#### [ASSIGNED TASK]
Set the data below down again, exactly, with every picture left out.

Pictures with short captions
--- START ---

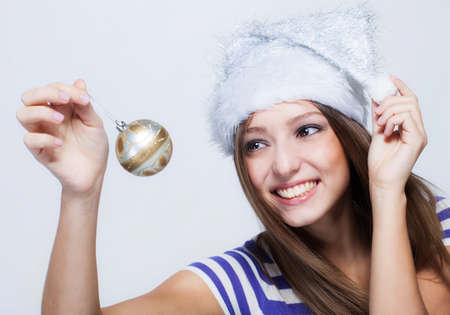 Beautiful girl with toy christmas ball の写真素材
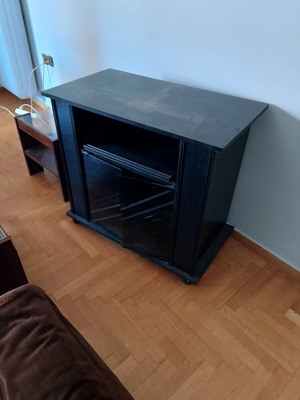 TV cabinet used with glass doors and wheels, top shelf with drawer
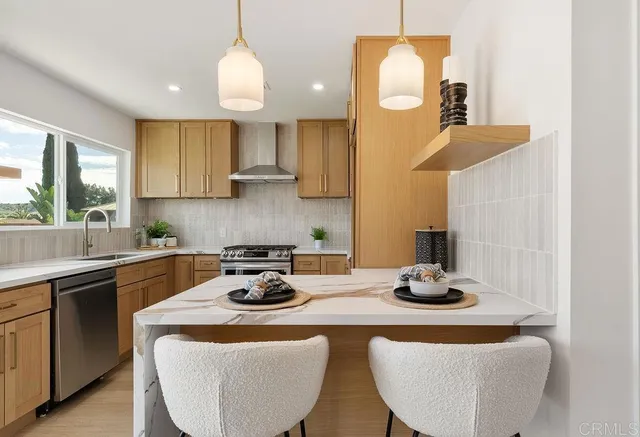 a kitchen with sink a stove and cabinets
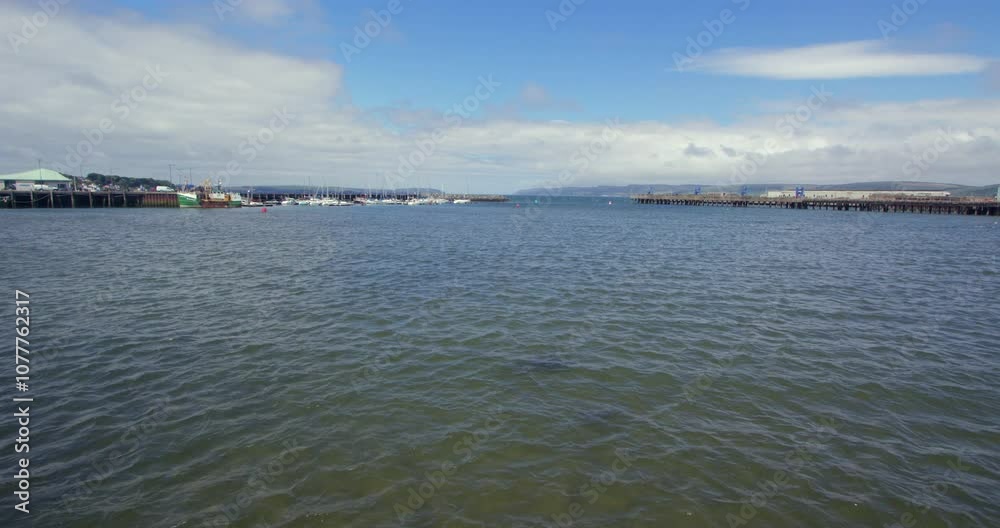Wide shot of Stranraer Harbour and Marina with loch ryan in background Wide shot of Stranraer Harbour and Marina with loch ryan in background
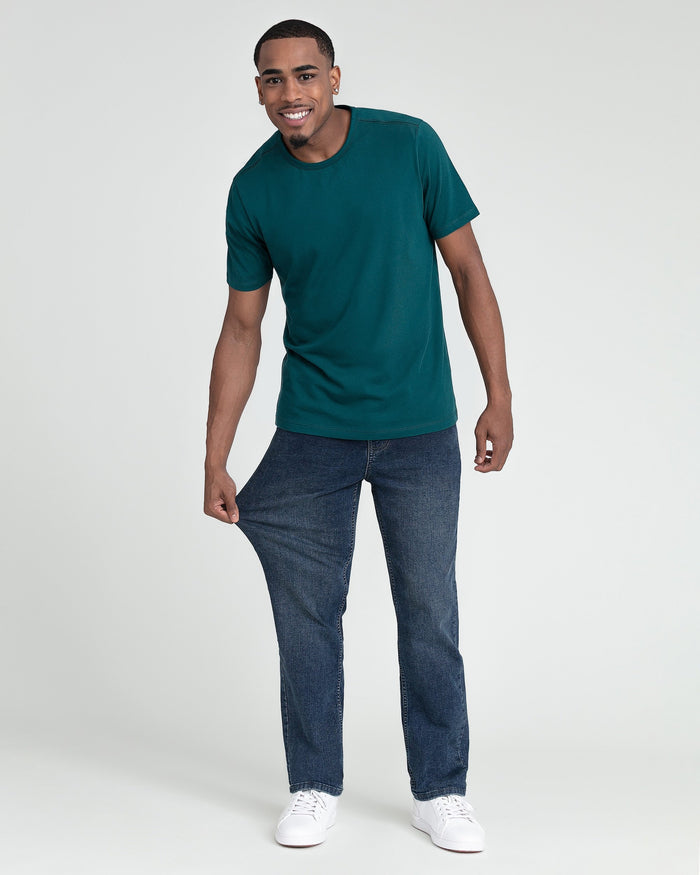 Man wearing teal crew neck t-shirt with short sleeves and blue jeans.
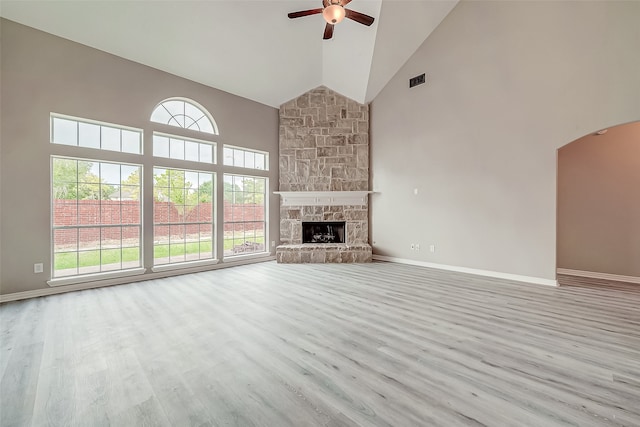 unfurnished living room with a fireplace, light wood-type flooring, high vaulted ceiling, and ceiling fan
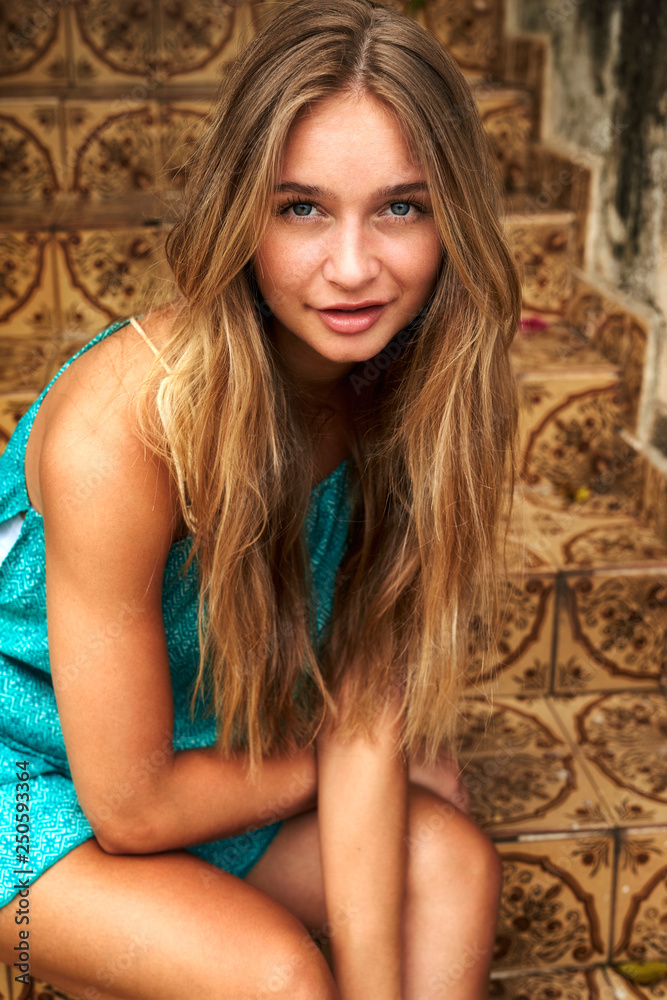 Gorgeous young woman on steps, portrait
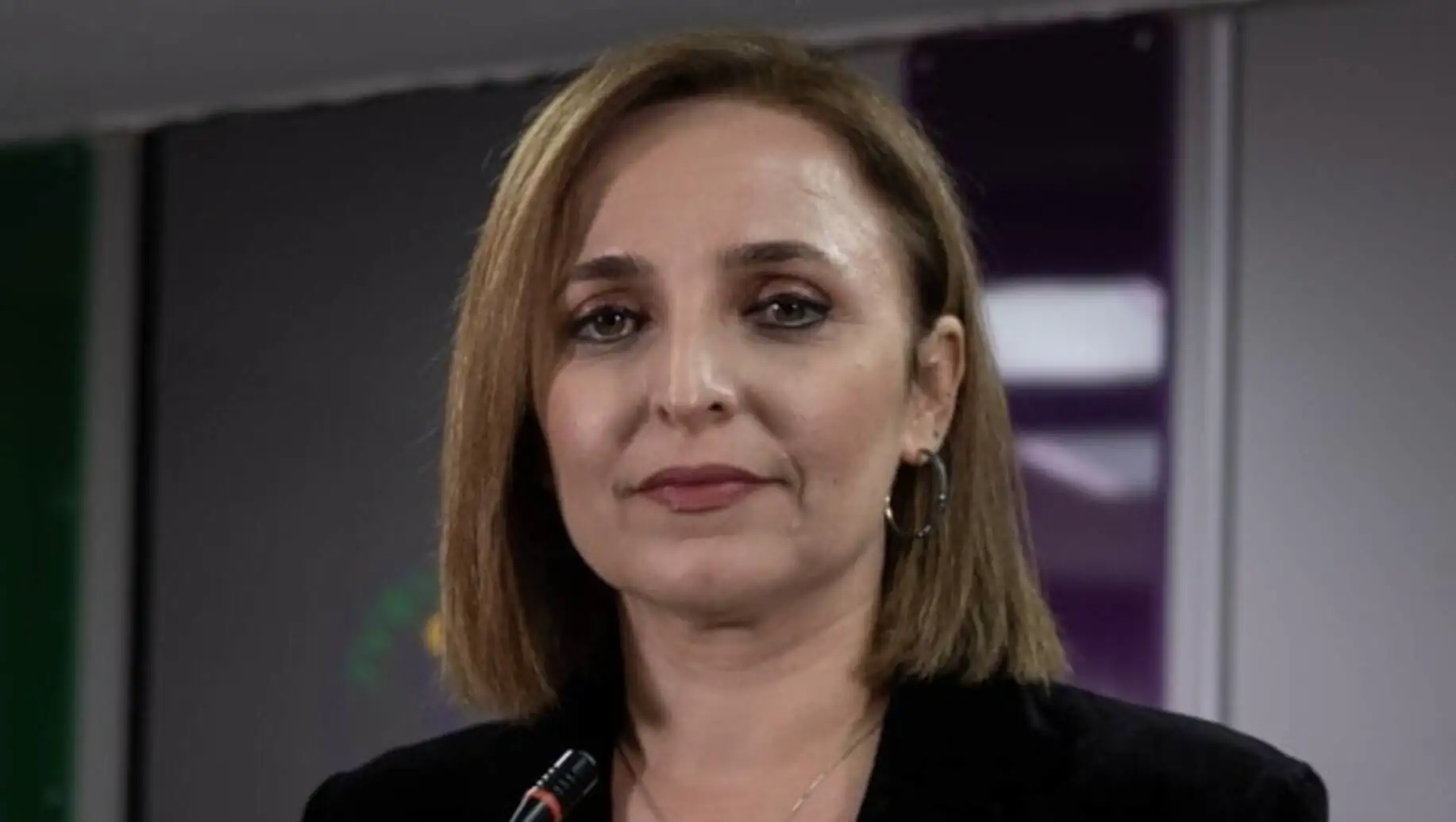 Kısa saçlı bir kadın, siyah ceket giymiş.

--- END ---

#### [FINISHED EXERCISE]
 Beautiful girl with toy christmas ball の写真素材
 TV cabinet used with glass doors and wheels, top shelf with drawer
 a kitchen with sink a stove and cabinets
Wide shot of Stranraer Harbour and Marina with loch ryan in background Wide shot of Stranraer Harbour and Marina with loch ryan in background
 Man wearing teal crew neck t-shirt with short sleeves and blue jeans.
 unfurnished living room with a fireplace, light wood-type flooring, high vaulted ceiling, and ceiling fan
 Gorgeous young woman on steps, portrait
 Kısa saçlı bir kadın, siyah ceket giymiş.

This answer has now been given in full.